Dans son livre, Didier Pleux va au-delà des propositions théoriques, psychothérapeutiques et cliniques de Dolto pour explorer sa biographie afin de comprendre ce qui l'a conduit à la psychanalyse et comment elle a elle-même mis en œuvre ses propres principes éducatifs avec ses enfants. Dans les deux chapitres consacrés à la vie de Françoise Dolto, Didier Pleux montre en s'appuyant sur une abondante correspondance que l'enfance de Françoise Dolto avait tout d'une enfance gâtée contrairement à l'enfance malheureuse décrite par la psychanalyste. Les lettres qu'elle échange avec son père dressent le portrait d'un père affectueux et proche de sa fille. En revanche, Françoise Dolto apparaît dans cette correspondance comme une enfant capricieuse et très exigeante envers ses parents. La psychanalyse qu'elle entreprend pourtant avec René Laforgue, loin d'avoir aidé Françoise Dolto à comprendre qu'elle agissait en petite fille gâtée, aura ainsi contribué à la fois à lui faire perdre pied avec la réalité et à en faire une protagoniste active de la cause psychanalytique. Le verdict de Didier Pleux est sans appel : la psychanalyse de Dolto est une « psychanalyse ratée ».

Le chapitre consacré à l'éducation de son fils, Jean-Chrysostome Dolto, plus connu des Français sous le nom de Carlos, s'appuie sur des sources plus secondaires : la biographie de ce dernier, les ouvrages de Françoise Dolto et une série d'anecdotes. Si la psychanalyste se montre très permissive avec son fils, cette éducation est contrebalancée partiellement par celle de son père et il apparaît malaisé de tirer de ce chapitre des conclusions définitives. L'auteur attribue en tout cas les médiocres résultats scolaires de Carlos au caractère permissif de cette éducation et explique la réussite de ce dernier dans la chanson en partie grâce aux relations que la famille entrenait avec le monde du spectacle.

Le chapitre consacré aux épisodes de la vie de Dolto qui expliqueraient son rejet ultérieur de l'autorité est aussi le plus faible en raison du nombre insuffisant de sources utilisées par l'auteur ou auxquelles il a eu accès. Pleux s'étonne en effet que la correspondance éditée de Françoise Dolto comporte très peu de lettres au cours de la période correspondant à la seconde guerre mondiale alors que la psychanalyste entretient une correspondance nourrie avant et après guerre. Or cette période correspond à la période pendant laquelle elle lit activement L'Action française, évoque son admiration pour Pétain, et travaille aux côtés de René Laforgue – qui sera plus tard accusé d'avoir collaboré – et d'Alexis Carrel qui s'était fait l'avocat des politiques eugénistes du Troisième Reich. Pleux fait l'hypothèse que Dolto, revenue après la guerre de la fascination qu'elle avait éprouvée pour ces idées, a tiré de cet épisode un rejet de toute forme d'autorité – précisément en raison de la fascination que ces idées avaient exercée sur elle.

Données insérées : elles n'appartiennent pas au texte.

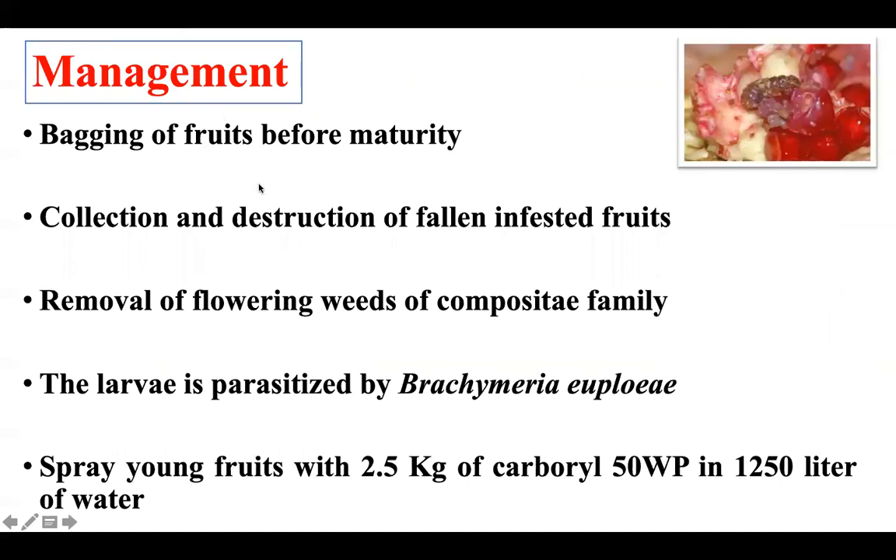Management includes bagging of fruits before maturity, which is one of the recommended practices. Since this is a highly economic crop selling at 100-150 rupees per kg, bagging of fruits is recommended. Collection and destruction of fallen infested fruit is also a management practice. Removal of flowering weeds from the composite family, which act as alternate hosts, is also advised. Larvae are parasitized by Brachymeria, a parasitoid which can be released to reduce pest population. After that, chemical practices can also be followed.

Le livre de Didier Pleux intéressera à la fois ceux qui veulent poursuivre l'analyse critique des thèses psychanalytiques et ceux qui s'intéressent aux racines historiques des théories éducatives et pédagogiques. Alors qu'en septembre 2013 les psychologues de l'Éducation nationale se réunissaient en congrès pour débattre de « l'héritage de Françoise Dolto », ce livre montre en tout cas l'emprise que la psychanalyse exerce encore sur l'éducation des Français au xxie siècle.